Observability is a very important topic to consider in any application just like Tests. It helps understand a lot about how our system works, and measure a lot of aspects to make data-driven decisions.
It can mostly be a go-to guide to what is happenning in your system, and how to improve it.
Parts of Observability
I’d like to categorize Observability into 3 parts:
- Logging: Logging is the logs we generate from our application usually in levels like
info
,debug
,error
,warn
, etc. These logs are custom messages that we can use to debug our application or monitor each event that happens in our application. - Metrics: Metrics or data points are the data we collect from our application to monitor the performance of our application. These metrics can be anything like the number of requests, response time, etc.
- Tracing: Tracing is the process of monitoring the flow of a request through our application. It helps us understand how a request is processed in our application.
Setting up Observability
For logging
Loki and Promtail are very popular tools for setting up logging in your application. They are open-source tools that can be used to collect and store logs from your application.
Loki is a log aggregation system that can be used to collect logs from different sources and store them in a time-series database.
Promtail is a log collector that will collect the logs from your application and send them to Loki.
Docker compose example
services:
grafana:
image: grafana/grafana
ports:
- 3000:3000
loki:
image: grafana/loki
ports:
- 3100:3100
volumes:
- ./loki-config.yml:/etc/loki/local-config.yaml
promtail:
image: grafana/promtail
volumes:
- ./app.log:/var/log/app.log
We can explore logs from loki via Grafana.
log files can be explored via query: {filename="/var/log/app.log"}
For Metrics
Grafana and Prometheus are the most popular tools for setting up Observability in your application. They are open-source tools that can be used to monitor your application.
Grafana is a visualization tool that can be used to visualize the data collected by different monitoring tools.

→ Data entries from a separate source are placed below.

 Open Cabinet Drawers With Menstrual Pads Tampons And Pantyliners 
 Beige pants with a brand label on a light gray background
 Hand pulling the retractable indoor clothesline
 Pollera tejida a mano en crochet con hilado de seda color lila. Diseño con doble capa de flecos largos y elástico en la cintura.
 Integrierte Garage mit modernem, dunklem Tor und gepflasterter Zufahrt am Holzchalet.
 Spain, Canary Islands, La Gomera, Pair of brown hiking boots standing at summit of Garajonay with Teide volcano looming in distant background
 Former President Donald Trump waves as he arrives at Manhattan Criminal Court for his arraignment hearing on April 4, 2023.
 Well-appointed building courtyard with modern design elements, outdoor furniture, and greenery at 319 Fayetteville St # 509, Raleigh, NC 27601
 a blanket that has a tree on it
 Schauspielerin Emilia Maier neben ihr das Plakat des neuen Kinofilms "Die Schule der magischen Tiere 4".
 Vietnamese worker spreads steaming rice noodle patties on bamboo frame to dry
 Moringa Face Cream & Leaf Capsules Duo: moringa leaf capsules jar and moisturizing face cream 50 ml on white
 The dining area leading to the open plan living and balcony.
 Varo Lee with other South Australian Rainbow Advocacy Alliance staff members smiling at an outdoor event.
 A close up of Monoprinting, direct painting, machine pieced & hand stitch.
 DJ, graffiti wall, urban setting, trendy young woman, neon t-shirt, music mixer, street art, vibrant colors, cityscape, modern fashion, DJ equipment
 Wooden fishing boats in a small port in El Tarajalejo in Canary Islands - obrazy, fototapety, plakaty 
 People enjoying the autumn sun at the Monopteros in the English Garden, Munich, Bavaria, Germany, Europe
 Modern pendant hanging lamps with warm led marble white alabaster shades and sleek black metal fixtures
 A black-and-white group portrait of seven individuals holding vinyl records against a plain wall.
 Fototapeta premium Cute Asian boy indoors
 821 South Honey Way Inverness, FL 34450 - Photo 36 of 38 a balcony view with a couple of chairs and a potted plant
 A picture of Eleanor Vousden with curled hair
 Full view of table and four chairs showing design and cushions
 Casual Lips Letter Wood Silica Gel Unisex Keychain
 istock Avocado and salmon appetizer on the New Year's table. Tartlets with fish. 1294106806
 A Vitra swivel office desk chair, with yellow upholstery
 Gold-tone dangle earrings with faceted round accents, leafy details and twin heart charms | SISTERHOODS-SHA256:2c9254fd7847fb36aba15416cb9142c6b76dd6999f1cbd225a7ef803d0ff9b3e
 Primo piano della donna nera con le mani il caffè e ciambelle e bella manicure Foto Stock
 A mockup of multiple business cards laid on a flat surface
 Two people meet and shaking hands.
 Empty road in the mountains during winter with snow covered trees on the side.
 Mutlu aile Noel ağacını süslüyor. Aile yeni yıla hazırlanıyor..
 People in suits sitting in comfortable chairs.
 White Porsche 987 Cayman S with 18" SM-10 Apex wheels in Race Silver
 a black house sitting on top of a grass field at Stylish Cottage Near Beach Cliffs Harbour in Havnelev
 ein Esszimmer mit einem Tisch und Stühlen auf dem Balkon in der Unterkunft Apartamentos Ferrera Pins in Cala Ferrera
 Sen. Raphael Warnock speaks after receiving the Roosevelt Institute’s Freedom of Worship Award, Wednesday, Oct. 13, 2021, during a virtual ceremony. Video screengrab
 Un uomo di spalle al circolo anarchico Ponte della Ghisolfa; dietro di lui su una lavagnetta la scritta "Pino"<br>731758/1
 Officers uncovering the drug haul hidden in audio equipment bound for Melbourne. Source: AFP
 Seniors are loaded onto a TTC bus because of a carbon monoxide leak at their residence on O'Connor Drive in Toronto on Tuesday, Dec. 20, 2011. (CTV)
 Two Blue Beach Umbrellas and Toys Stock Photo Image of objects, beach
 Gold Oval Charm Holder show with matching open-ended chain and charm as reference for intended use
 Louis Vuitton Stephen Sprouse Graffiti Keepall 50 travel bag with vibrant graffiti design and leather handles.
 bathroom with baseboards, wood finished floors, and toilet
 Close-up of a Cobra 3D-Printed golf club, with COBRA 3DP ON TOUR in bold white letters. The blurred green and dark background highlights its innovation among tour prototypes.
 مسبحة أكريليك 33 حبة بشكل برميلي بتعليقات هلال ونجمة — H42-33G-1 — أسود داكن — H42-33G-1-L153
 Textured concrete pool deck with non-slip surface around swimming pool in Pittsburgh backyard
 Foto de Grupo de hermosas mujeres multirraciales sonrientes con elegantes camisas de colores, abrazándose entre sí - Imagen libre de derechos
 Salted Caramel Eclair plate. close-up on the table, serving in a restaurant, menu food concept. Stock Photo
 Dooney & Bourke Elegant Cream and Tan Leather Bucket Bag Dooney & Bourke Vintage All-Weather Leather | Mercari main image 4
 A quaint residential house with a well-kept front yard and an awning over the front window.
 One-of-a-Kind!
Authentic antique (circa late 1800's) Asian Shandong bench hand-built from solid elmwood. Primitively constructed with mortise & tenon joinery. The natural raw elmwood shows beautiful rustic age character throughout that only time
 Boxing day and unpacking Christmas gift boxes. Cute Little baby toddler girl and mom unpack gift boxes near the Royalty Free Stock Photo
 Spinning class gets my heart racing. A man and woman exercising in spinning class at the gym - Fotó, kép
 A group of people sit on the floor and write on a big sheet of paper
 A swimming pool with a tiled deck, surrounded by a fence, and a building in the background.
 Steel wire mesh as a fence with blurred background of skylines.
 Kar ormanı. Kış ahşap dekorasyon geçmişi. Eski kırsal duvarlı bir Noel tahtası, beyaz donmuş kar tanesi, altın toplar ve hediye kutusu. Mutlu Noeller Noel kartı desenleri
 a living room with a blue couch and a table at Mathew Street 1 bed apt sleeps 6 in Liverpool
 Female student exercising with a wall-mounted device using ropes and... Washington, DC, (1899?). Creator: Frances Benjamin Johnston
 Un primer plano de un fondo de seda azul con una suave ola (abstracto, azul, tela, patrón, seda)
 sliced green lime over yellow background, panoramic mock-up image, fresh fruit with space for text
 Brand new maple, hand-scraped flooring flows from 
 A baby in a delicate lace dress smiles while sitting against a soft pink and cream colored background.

Prometheus is a monitoring tool that will collect the data from your application and store it in a time-series database.
Docker compose example
Suppose we have an application running in port 8080 and we expose metrics in /metrics
endpoint. We can use the following docker-compose file to set up Prometheus and Grafana.
services:
prometheus:
image: prom/prometheus
ports:
- 9090:9090
volumes:
- ./prometheus.yml:/etc/prometheus/prometheus.yml
grafana:
image: grafana/grafana
ports:
- 3000:3000
Prometheus Configuration example
Prometheus works in a pull-based model. It will pull the metrics from the application. We need to configure Prometheus to scrape the metrics from our application.
global:
scrape_interval: 15s
scrape_configs:
- job_name: 'prometheus'
static_configs:
- targets: ['localhost:9090']
- job_name: 'myapp'
static_configs:
- targets: ['localhost:8080']
PushGateway example
A service named pushgateway can be used to push metrics from an application which can then be scraped by Prometheus.
docker-compose example:
services:
prometheus:
image: prom/prometheus
ports:
- 9090:9090
volumes:
- ./prometheus.yml:/etc/prometheus/prometheus.yml
pushgateway:
image: prom/pushgateway
ports:
- 9091:9091
prometheus.yml:
global:
scrape_interval: 15s
scrape_configs:
- job_name: 'prometheus'
static_configs:
- targets: ['localhost:9090']
- job_name: 'pushgateway'
static_configs:
- targets: ['localhost:9091']
We can send request to pushgateway to push metrics:
curl -X POST -d 'metric_name{label="value"} 100' http://localhost:9091/metrics
POST
request can be used to add / append the metrics.PUT
request can be used to replace the metrics.DELETE
request can be used to delete the metrics.
Using such tools, we can set up Observability in our application and monitor the performance of our application. We can also set up alerts to notify us when something goes wrong in our application.
This is very important and useful for any application.